%%

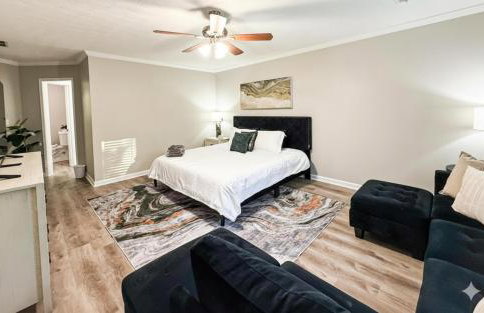 King Bed! Soaking tub! Fenced Yard w Screen Patio - Foto 30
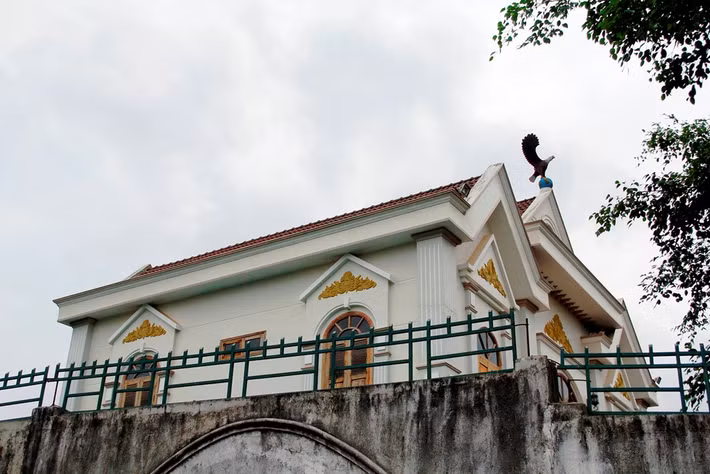 Theo ông Kỷ, chi phí xây dựng khu biệt thự khoảng 3 tỷ đồng, chủ yếu là từ tiền làm vườn của vợ và rồi con cái gom góp vào. Vị Phó ban Nội chính cho biết khu đất vợ chồng ông làm nhà được mua từ trước năm 2005 và dựng nhà cấp bốn để ở. Đến năm 2011, gia đình mới quyết định làm nhà. Theo quan sát căn biệt thự được xây dựng theo kiến trúc hiện đại với nhiều hoa văn khá cầu kỳ. 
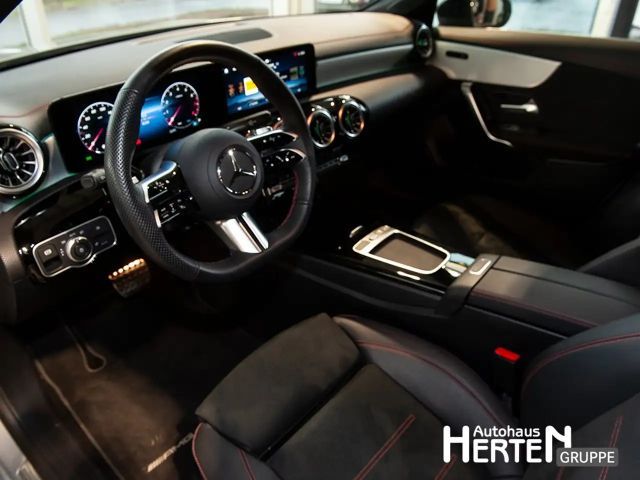 Mercedes-Benz CLA 200 AMG Line Coupé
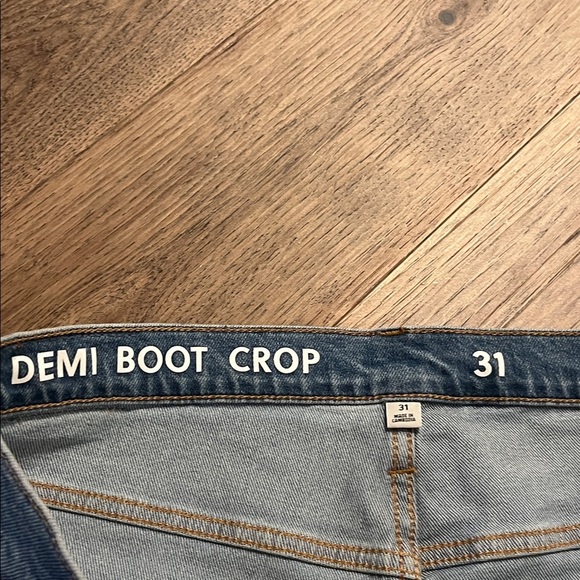 J CREW 9” Billie Demi crop boot crop jeans, size 31 - Picture 2 of 6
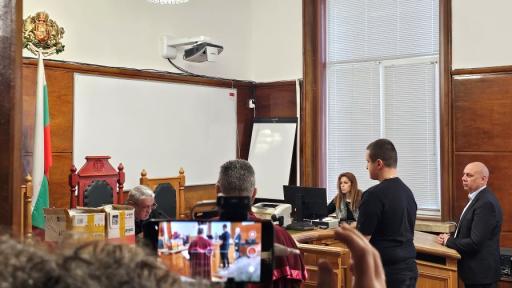 Делото за побоя над шефа на МВР в Русе: Съдът смекчи мерките на двама от обвиняемите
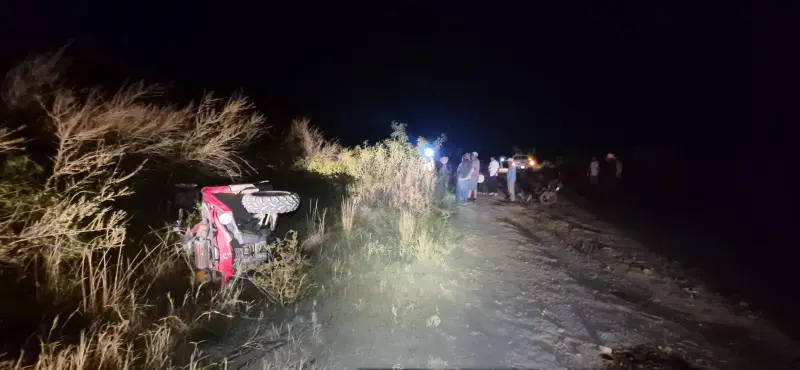 Muere hombre tras volcar su cuatrimoto en ejido de Ramos Arizpe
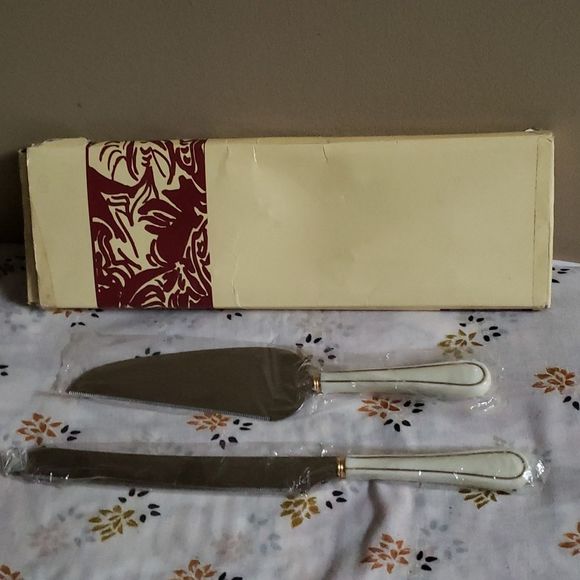 💘 VINTAGE BRIDAL KNIFE AND FORK SERVER SET - Picture 1 of 1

%%

§ **YOUR INSTRUCTIONS**
From the line holding "Muere hombre tras" through the last line of the material above, each line should be written out exactly, both included; omit the pictures.

§ **RESPONSE BOX**
 Muere hombre tras volcar su cuatrimoto en ejido de Ramos Arizpe
 💘 VINTAGE BRIDAL KNIFE AND FORK SERVER SET - Picture 1 of 1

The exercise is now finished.